One of the athletes ordered to compete in Munich, against her deepest instincts, was Debbie Brill, a young Canadian high jumper who would later hold the world record. She is still haunted by what she saw as an abandonment of human values, of any sense that sport was not separate from real life.

She recalls: "Brundage told the athletes that life was all about overcoming hurdles and the fallen Israeli athletes would have wanted us to continue. We could not let them down. I said to one of my team-mates, 'God, we're talking about a bunch of dead people...don't let them down, they're fucking dead.'

"I had this overwhelming sense of futility, of being a small person overshadowed by a huge superstructure. The original idea of a bunch of athletes from around the world gathering together to celebrate their youth and their talent and their spirit seemed to have been utterly lost. I saw the Olympics as a great wheel, churning relentlessly. Horrible things could happen but the wheel would keep turning."

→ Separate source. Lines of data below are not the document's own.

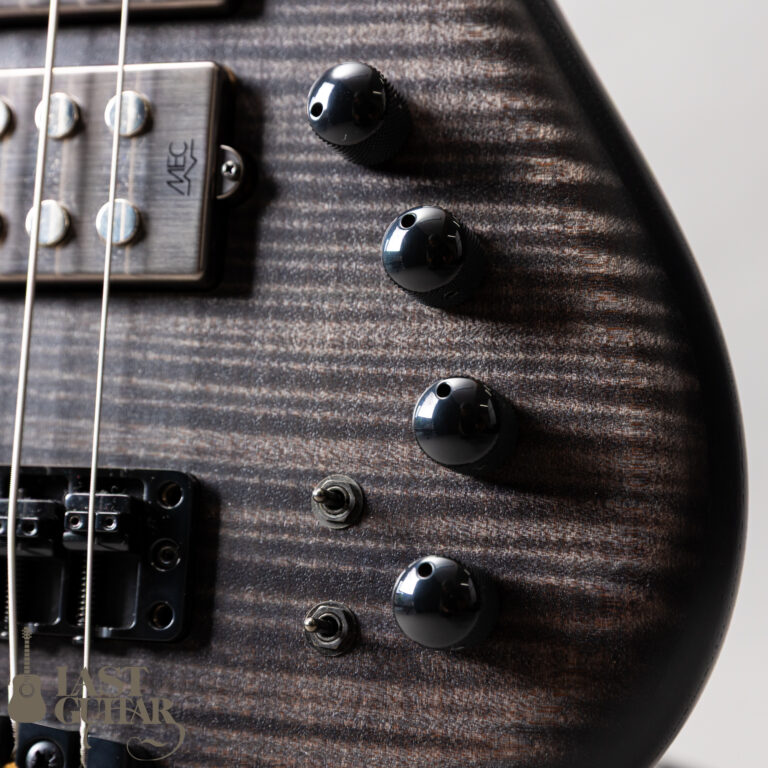 Warwick Custom Shop Master Built Corvette $$ 5st Nirvana Black TS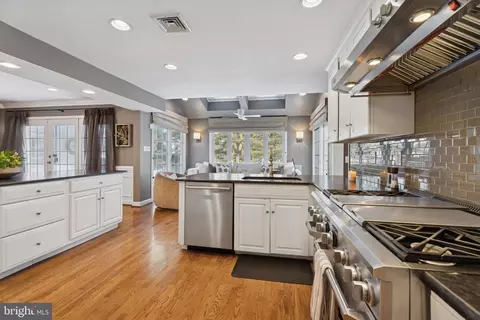 825 Springbank Ln, Wayne, PA 19087 photo 6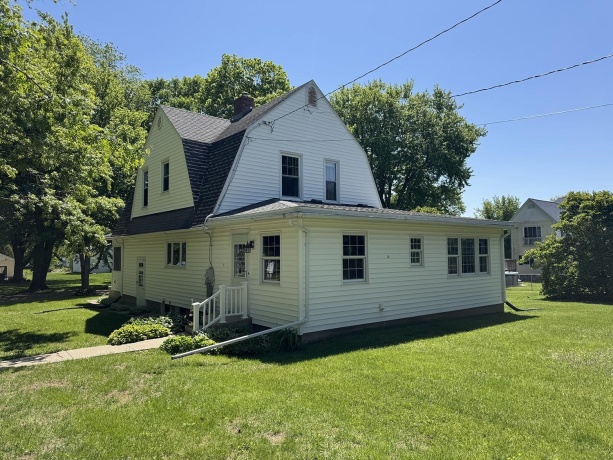 314 Plummer, Chadwick, Illinois 61014, 3 Bedrooms Bedrooms, ,2 BathroomsBathrooms,House,For Sale,Plummer,202602939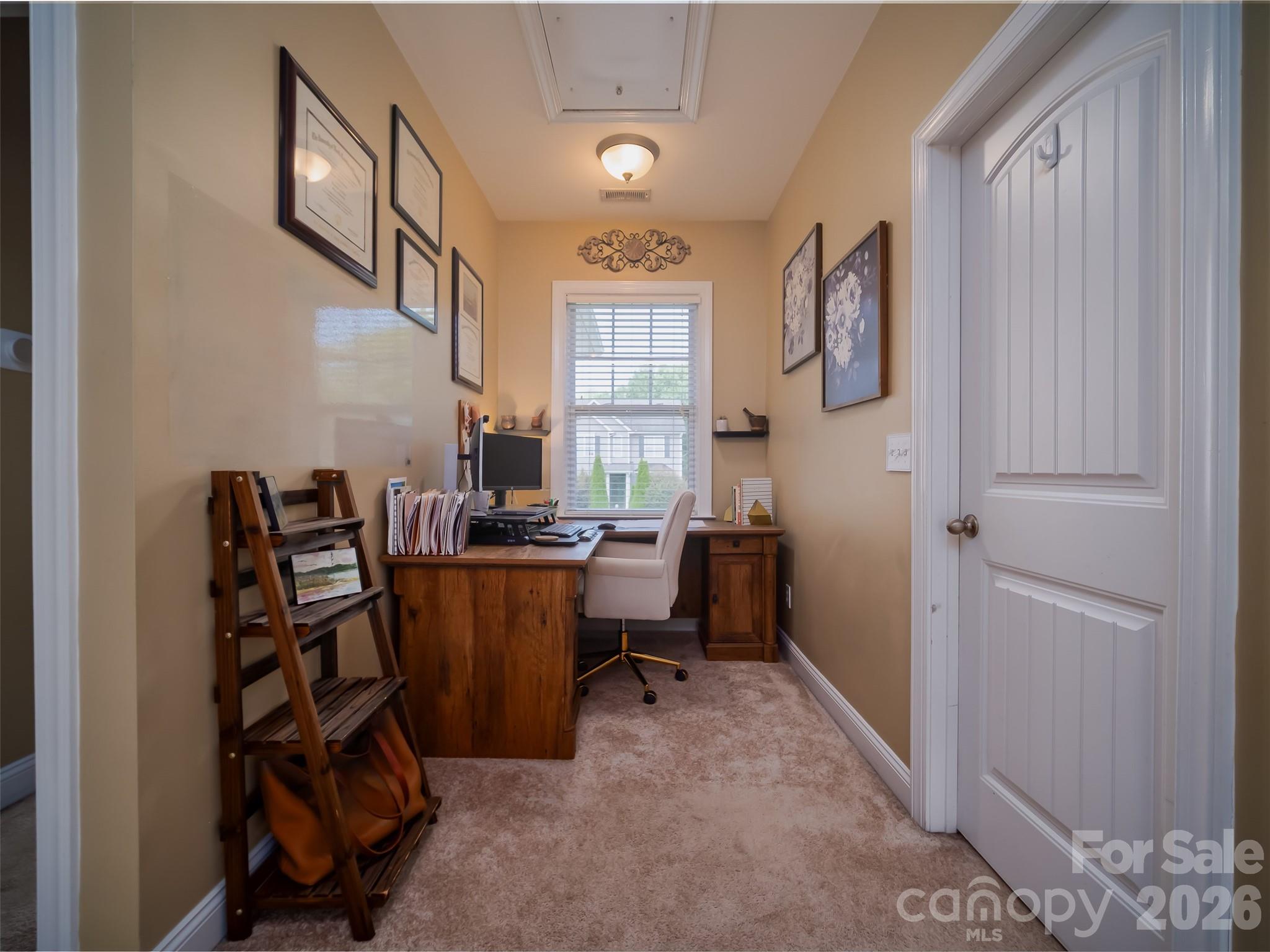 Single Family Residence at 172 Tom Sawyer Lane, Mount Holly, photo 25 of 48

When they held the closing ceremony, and sent balloons flying up into the sky, Brill sat on the roof of one of the buildings in the village, numb and disbelieving in the company of some equally disaffected fellow athletes.

Then she went to Munich railway station, bought a ticket for the Italian coast and several litres of wine and lay on a beach for some days. Eventually, she returned to competitive athletics and enjoyed great success. "But I never again," she reports, "mistook winning a medal for something more important than living a real life with real values."

Such a journey would hardly be necessary today. Certainly in London yesterday there was no disposition to be confused about the relative importance of Olympic involvement and well-ordered lives. Nomination as Olympic hosts was an honour and a challenge, and, who knows, maybe a massive complication in the life of the city, but London learned quickly and savagely that it was by no means a panacea.

When the first horror has receded, it might also prove necessary for the capital to recall the self-mocking advice a passionate Scottish football fan, dismayed by the disappointment provoked by his team, once gave to himself. "When you try to get to heaven in a handcart," he mused, "you always have to remember there is a chance that the wheels will fall off."

For London, no doubt that sense of direction and exhilaration, which was lost so shockingly yesterday in the morning rush, will be recovered soon enough. Making a great Olympics, in the end, will be a lot more than a distraction. It will be a test of resilience and nerve. What happened to London yesterday was an onslaught of the kind of reality that we think we are managing well enough until it strikes home with all its force. Sport is cast to the outer limits of experience. Suddenly, it is a fantasy and a luxury not the central force it was proclaimed as by both the points-scoring government and the brilliant creator of the Olympic success, Lord Coe.

Somewhere in between is its proper role, its endless justification. It is something to lift the spirit and inspire the warmest memories of youth. It is something to be celebrated and enjoyed in its time and its role. On other occasions, like yesterday, it has to know its place. It has to take a step back.